Hyperkin's Retron 5 console has found itself at the centre of an emulation code dispute.
Game Politics reports that the company has been accused of stealing code from a number of open-source emulators including the SNES9x (SNES), FCEUMM/FCEUX (NES), VBA NEXT (Game Boy Advance), GenesisPlusGX (Mega Drive and assorted Sega consoles).
It is alleged that parts of the code powering the console's ability to run said games has been directly lifted from said emulators. And as all the software is either open-source or under General Public License version 2 (GPLv2), its use in a commercial product is prohibited.
The people behind open-source project RetroArch also claim that elements of their code are found in Retron 5's UI, which itself uses a GPLv3 license that forbids its use in a locked system.
All of which is a bit confusing. What it essentially boils down to is that the makers of Retron 5 have been accused of thieving code created by others in direct violation of the its license and without seeking the permission of its creators.

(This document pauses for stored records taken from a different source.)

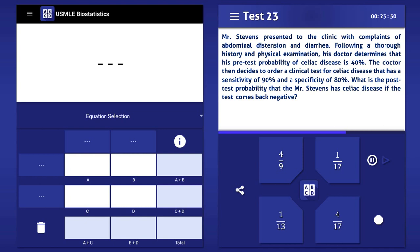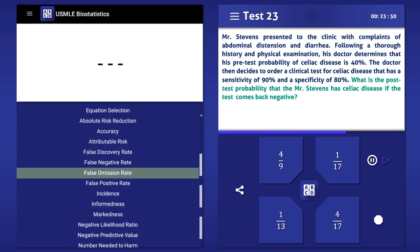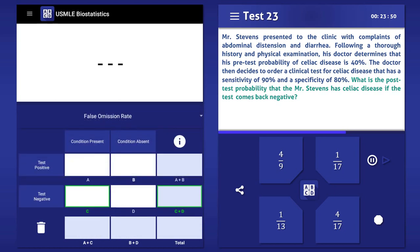To answer this question, let's go straight to the final line of the vignette. The question is asking for the post-test probability of disease in a patient with a negative test, or in other words, the false omission rate. To help us answer this question, let's start by filling in the 2x2 sample table.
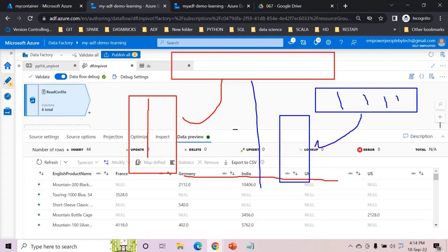However unpivot is not exact opposite of pivot. The reason is because when you do pivot, pivot also aggregates the data when it transforms. So it does that group by so the data is already aggregated.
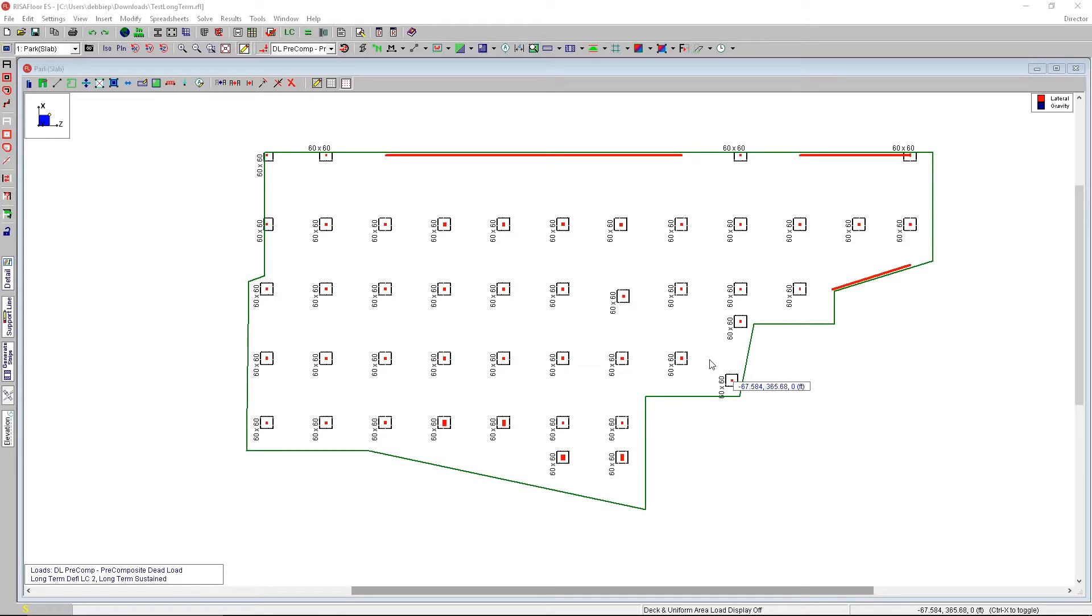RISA Floor ES version 12 has released a new type of floor system called user defined.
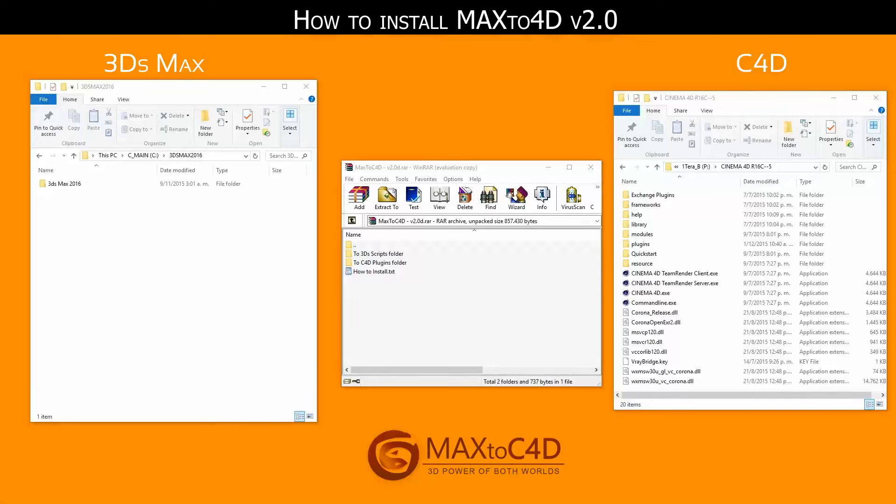Hello everybody, I'm Marcelo and I'm going to show you how to install Max2C4D 2.0.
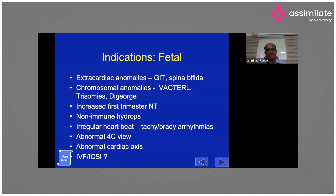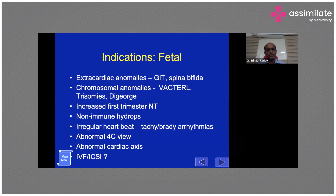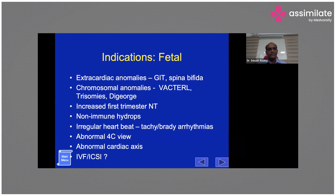Other fetal indications include evidence of hydrops — fluid accumulation in the abdomen and lung cavity suggesting non-immune hydrops — and irregular heart rates. An irregular tachycardia such as SVT or a very low heart rate such as congenital complete heart block are indications for fetal echo. Tachyarrhythmias can occur in specific structural problems, while bradyarrhythmias are rare but are seen in corrected transposition of the great arteries. Bradyarrhythmia can also occur in fetuses of mothers with SLE, causing congenital complete heart block.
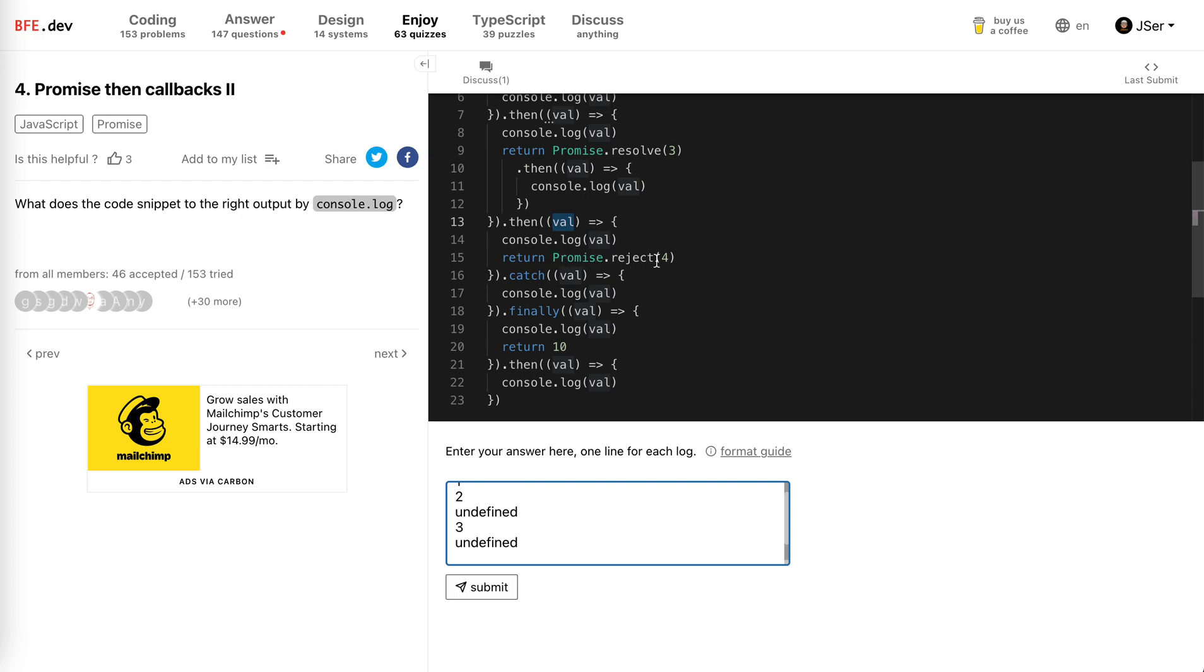And then it returns a new promise. The promise is rejected to four. And then obviously the catch will catch it. So the value will be four. So it will log four.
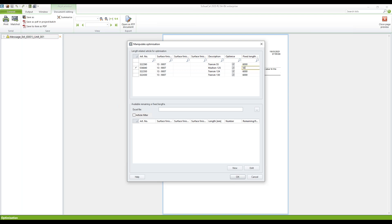I'd like to set it to 5050. And what I also like to do is I don't want to see profile 322350 in my CuttingOptimization. Then I go to OK.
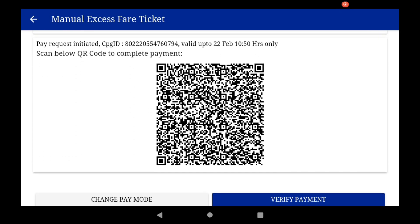A dynamic QR code has now been generated. This QR code is valid for 10 minutes, which is more than sufficient to complete a transaction.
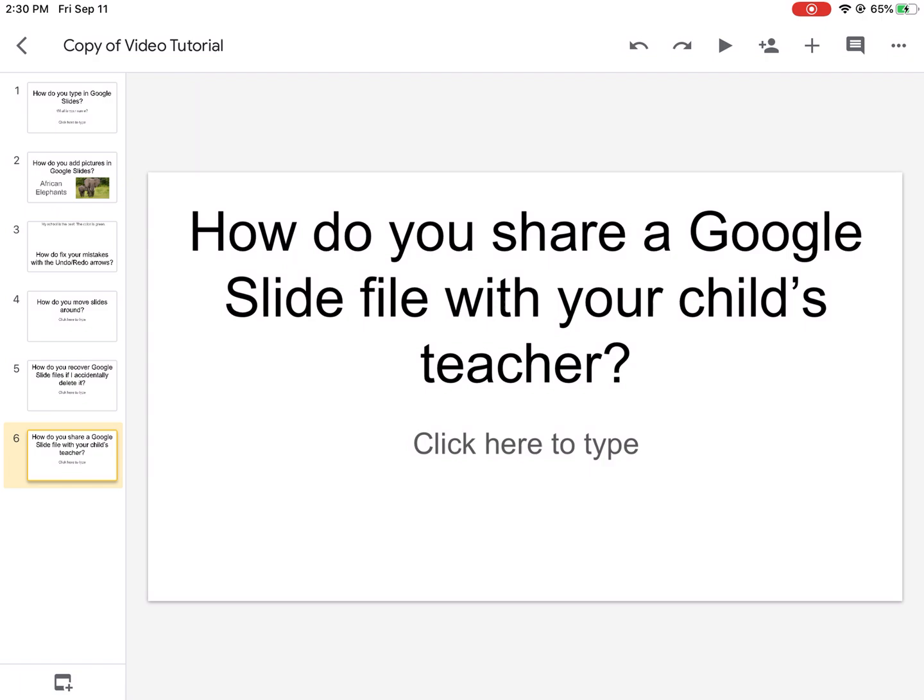Okay, so how do we share this? How do we turn this in to your teacher when you're ready to turn it in? It's right here on the top right side. You'll see a person with a plus sign - that's how we're gonna share.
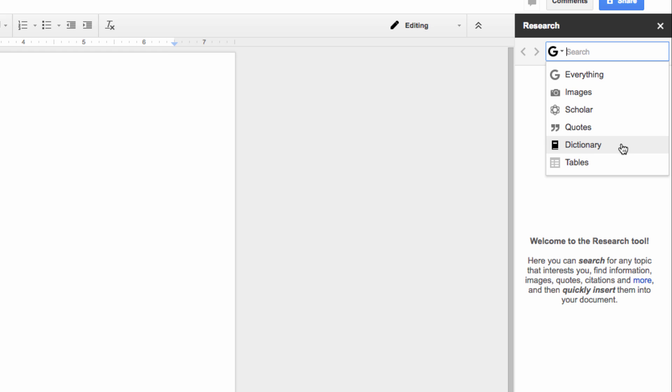From this menu, we're going to select Quotes, but you can clearly see that this Research tool has some applications beyond just looking up quotations.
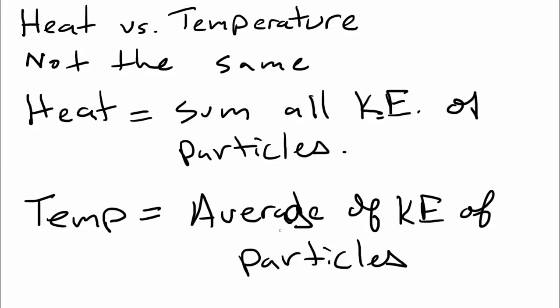So if the average velocity of those particles goes up, like in the nail that I was talking about, then the temperature goes up. But if the average of those particles doesn't change, like in the bathtub, then the temperature doesn't change. If it started out at 80 degree water, then you add more 80 degree water, you still have 80 degree water.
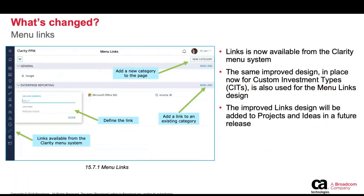So, first off, we've got links available from the menu system, and the same improved design that's now in place for customer investment types is also going to be in place for the menu links design. This same improved design will be added to projects — refactoring how links are presented today — and this will also be added to ideas. We're targeting the next release to bring links into ideas. That's the structure of what you see when you enter into the links.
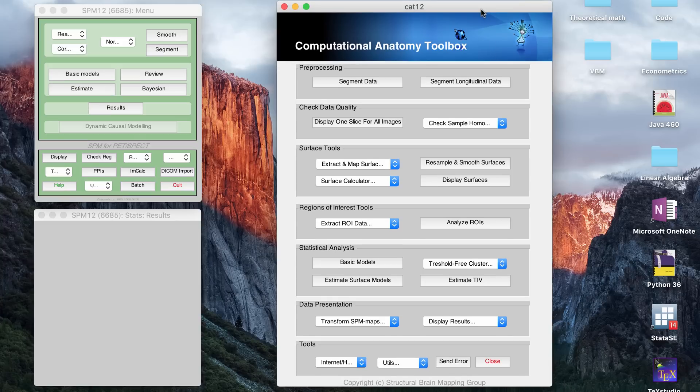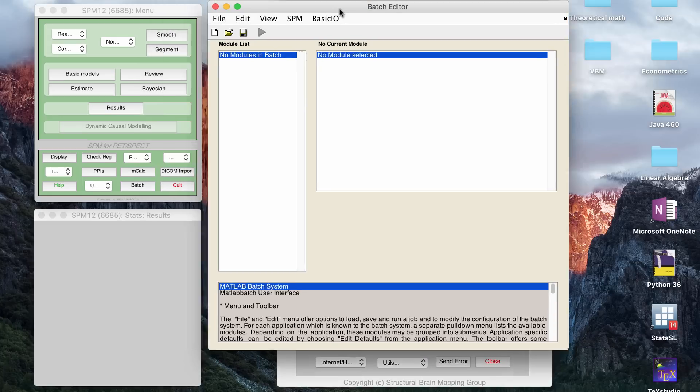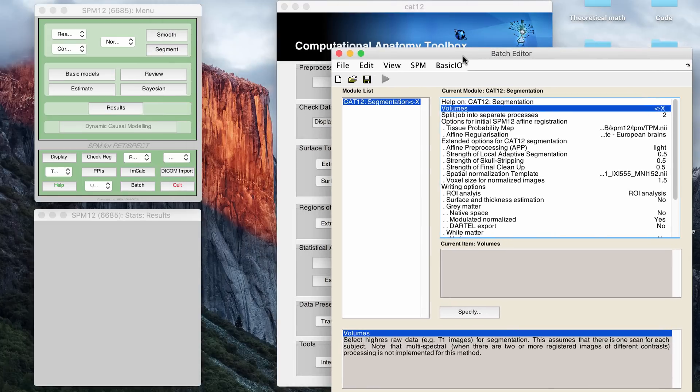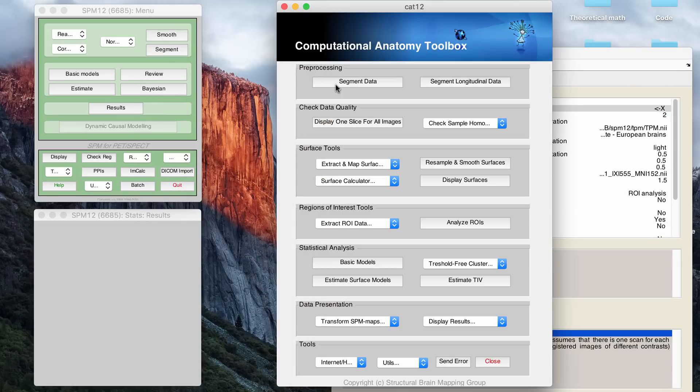Okay, so the first thing you want to do for VBM is to get, if your files are DICOMs, then you want to just convert them to NIFTIs, and then you want to segment your data. To segment the data, I go to the CAT12 segment button.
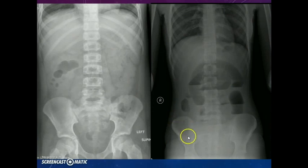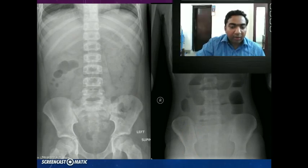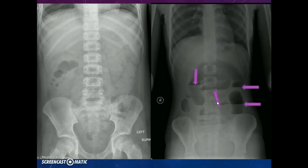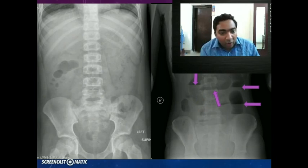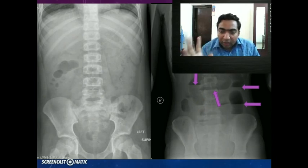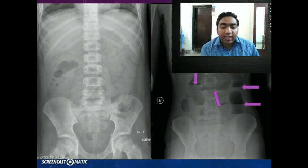Now you see this X-ray. On the left side we have a normal abdominal X-ray erect, and on the right side we are seeing multiple air fluid levels. When will we see air fluid levels? Do we see air fluid levels always in a normal X-ray or is it only in pathology?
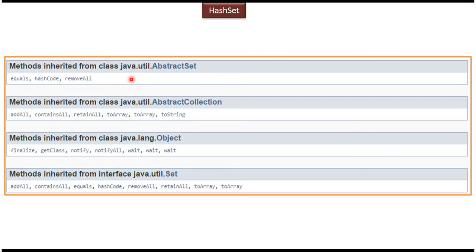Here you can see some of the methods inherited from AbstractSet, AbstractCollection, Object, and Set interface.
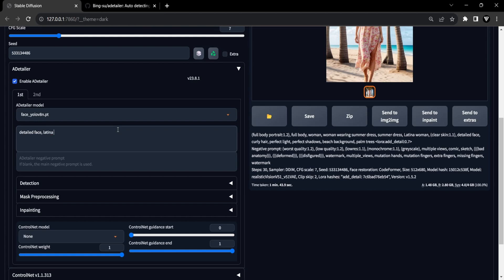For instance, in our example, our aim is to restore a distorted face, so our prompt could be something like this: Detailed face, Latina woman face. Additionally, you have the option to include Loras inside the prompt section. Here, we will use the Detail tweaker Lora to add more detail.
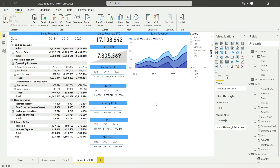Now we want to define a new creative visual which is going to represent the relationship between sales revenue and marketing cost, because it is a very common perception that we can actually increase the sales revenue by spending money on marketing. So let us define that relationship here on our dashboard.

The Retron 5, which was delayed several times last year before its release early this year, allows users to play game cartridges designed for an assortment of retro systems.
UPDATE: Nintendo Life received the following response from Hyperkin developer Lawrence Lee:
"It has always been our intention to release the relevant source code for the open source emulators used within RetroN 5. We have not been as quick as we could have been, since we have been busy improving the RetroN 5 user experience. The relevant source code has now been released. From this point forward we will not only keep our copy of this code updated for those who wish to obtain the latest version, but also submit patches for any fixes that we implement back to the original projects so that the entire community may benefit. Hyperkin will continue to endeavor to fulfill the licenses of any project used within RetroN 5 and any other software we write."